Backroads and Ballplayers #94
Stories of the famous and not-so-famous men and women from a time when baseball was "Arkansas' Game." Backroads and Ballplayers Weekly is always free and short enough to finish in one cup of coffee.
Saving Lost Stories - The Negro Leagues and Beyond
This final week of Black History Month reminds me of the lost stories of men of color who played baseball in Arkansas in the 20th century. This week’s edition of Backroads and Ballplayers Weekly is dedicated to a renewed effort to save this invaluable part of our state’s baseball legacy.
The Lost Story of Carl Boles, Center Point, Arkansas - I am Carl, not Willie!

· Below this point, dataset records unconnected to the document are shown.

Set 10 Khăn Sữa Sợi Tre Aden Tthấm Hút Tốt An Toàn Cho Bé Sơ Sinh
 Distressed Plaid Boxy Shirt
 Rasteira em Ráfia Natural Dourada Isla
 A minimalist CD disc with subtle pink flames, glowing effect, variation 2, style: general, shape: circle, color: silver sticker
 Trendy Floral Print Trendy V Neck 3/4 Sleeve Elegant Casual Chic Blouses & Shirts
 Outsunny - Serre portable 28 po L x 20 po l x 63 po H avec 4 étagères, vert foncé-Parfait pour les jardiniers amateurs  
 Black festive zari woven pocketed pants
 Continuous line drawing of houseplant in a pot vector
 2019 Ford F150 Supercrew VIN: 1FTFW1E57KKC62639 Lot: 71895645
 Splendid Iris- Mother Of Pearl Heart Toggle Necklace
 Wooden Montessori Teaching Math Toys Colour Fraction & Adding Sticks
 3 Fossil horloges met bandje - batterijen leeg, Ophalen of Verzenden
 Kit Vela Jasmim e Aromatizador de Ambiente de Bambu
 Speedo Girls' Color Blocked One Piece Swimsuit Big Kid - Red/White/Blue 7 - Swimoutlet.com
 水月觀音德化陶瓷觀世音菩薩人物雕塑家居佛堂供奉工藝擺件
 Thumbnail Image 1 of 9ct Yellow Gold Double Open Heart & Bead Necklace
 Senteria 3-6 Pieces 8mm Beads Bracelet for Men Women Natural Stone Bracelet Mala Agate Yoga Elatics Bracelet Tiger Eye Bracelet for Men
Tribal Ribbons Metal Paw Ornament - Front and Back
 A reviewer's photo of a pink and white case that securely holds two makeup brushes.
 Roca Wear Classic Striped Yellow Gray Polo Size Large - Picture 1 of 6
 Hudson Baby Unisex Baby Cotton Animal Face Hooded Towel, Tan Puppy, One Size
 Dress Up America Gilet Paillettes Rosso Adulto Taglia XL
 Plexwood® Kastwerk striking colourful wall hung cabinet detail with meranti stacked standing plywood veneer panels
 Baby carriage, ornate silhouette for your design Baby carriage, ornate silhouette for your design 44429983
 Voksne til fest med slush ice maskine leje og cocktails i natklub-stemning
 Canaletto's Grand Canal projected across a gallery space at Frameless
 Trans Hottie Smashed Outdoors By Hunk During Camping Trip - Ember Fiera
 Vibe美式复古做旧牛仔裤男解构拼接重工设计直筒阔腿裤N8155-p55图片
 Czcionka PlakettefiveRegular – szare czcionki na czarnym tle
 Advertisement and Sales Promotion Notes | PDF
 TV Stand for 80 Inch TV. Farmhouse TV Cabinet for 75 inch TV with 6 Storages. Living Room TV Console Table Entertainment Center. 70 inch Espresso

When Carl Boles reached the tarmac disembarking from the San Francisco Giants plane, he was mobbed by a friendly throng of autograph seekers. Sportswriters had been comparing the rookie from Arkansas to the great Willie Mays, but the attention Boles received at the airport was not because he was playing LIKE Willie Mays, it was because the crowd thought he WAS Willie Mays. Read the Carl Boles story in Only in Arkansas.
Black History Month
February is designated as Black History Month, a time to highlight the contribution of African Americans to the heritage of our nation and our state. February also marks the symbolic beginning of baseball season. With most of the nation still locked in the cold days of winter, major league baseball players reported to Arizona or Florida to begin spring training. It is a time for hope, and for baseball fans, it marks the promise that spring and America’s Pastime are right around the corner.
Yesterday, I watched 42 for about the 10th time. I realize I am a sucker for baseball movies in general, but I love this one. I am afraid to ask Philip Martin about it. Martin is the best baseball writer in Arkansas, but thankfully for those of us who write about baseball regularly, he only writes about it occasionally. I try not to read any movie reviews, even his, because I don’t want someone to tell me Field of Dreams isn’t a classic. I watch at least parts of it about once a month
I thought Harrison Ford, Chadwick Boseman, and Lucas Black were great in 42, and I loved the fact the screenplay did not paint Arkansas Johnny Sain as a villain. He wasn’t. (More: Jackie Robinson and Johnny Sain)
Before Robinson’s courageous debut, African Americans, Latinos, and other subjectively-segregated baseball players played in alternative leagues in the background of American sports. The most renowned of these leagues, called the Negro National League, was formed by Black baseball leaders on February 13, 1920, and would be the major league of African American baseball for almost 40 years.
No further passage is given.